首页 > 其他分享 >Approximation with Gradient Descent Method

Approximation with Gradient Descent Method

时间:2023-11-07 16:14:29浏览次数:128  
标签:plt frac Descent Gradient lambd Approximation gradient np theta

title: Approximation with Gradient Descent Method
layout: page
categories: data analysis

Polynomial Approximation with Gradient Descent Method

Suppose we have the following dataset hw10 datal. txt which is shown in Figure 1.1.

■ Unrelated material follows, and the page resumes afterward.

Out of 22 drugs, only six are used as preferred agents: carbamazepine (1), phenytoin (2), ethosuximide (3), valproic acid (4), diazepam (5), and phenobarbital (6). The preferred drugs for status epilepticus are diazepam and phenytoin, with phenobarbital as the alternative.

Figure 1.1 Plot of training data hw10data1.txt

hw10data1.txt is given by:

-1, 2.1
-0.7, 1.2
-0.4, 0.38
-0.1, 0.5
0.2, 0.48
0.48, 0.1
0.81, -0.4

From the plot, it seems that fitting a straight line might be too simple of an approximation. Instead, we try a fifth-order polynomial. Our hypothesis will be

\[h_{\theta}(x)=\theta^{\mathrm{T}} x=\theta_{0}+\theta_{1} x+\theta_{2} x^{2}+\theta_{3} x^{3}+\theta_{4} x^{4}+\theta_{5} x^{5} \]

Since we are fitting a 5 th-order polynomial to a data set of only 7 points, overfitting is likely to occur.

To avoid this, we use regularized linear regression.

  1. Write the regularized cost function;

  2. Derive the gradients of the above cost function;

  3. Write the gradient descent algorithm for the regularized linear regression;

  4. Plot the following three figures for the regularization parameter \(\lambda=0, \lambda=1\), and \(\lambda=10\) by using the gradient descent algorithm and explain your results;

Regularized Cost Function:

The ordinary const function can be written by

\[J(\theta) = \left(y - X\theta \right)^\top \left(y - X \theta \right) \]

where \(X\) is the Vandermonde matrix (\(n = 5\)), i.e.

\[\begin{bmatrix} 1 & x_1 & x_1^2 & \cdots & x_1^n \\ 1 & x_2 & x_2^2 & \cdots & x_2^n \\ \vdots & \vdots & \vdots & \ddots & \vdots \\ 1 & x_m & x_m^2 & \cdots & x_m^n \\ \end{bmatrix} \]

and the regularized const fucntion is

\[J(\theta) = \frac{1}{2m} \left(y - X\theta \right)^\top \left(y - X \theta \right) +\frac{1}{2m} \lambda \theta ^\top \theta \]

Gradients of the Cost Function:

To derive the gradient of (J(\theta)), we first calculate the derivative of \(J(\theta)\) without the regularization term:

\[\frac{\partial J(\theta)}{\partial \theta} = -\frac{1}{m}X^T(y - X\theta) \]

And then, we calculate the derivative of the regularization term:

\[\frac{\partial}{\partial \theta} \left(\frac{\lambda}{2m} \theta^T\theta\right) = \frac{\lambda}{m} \theta \]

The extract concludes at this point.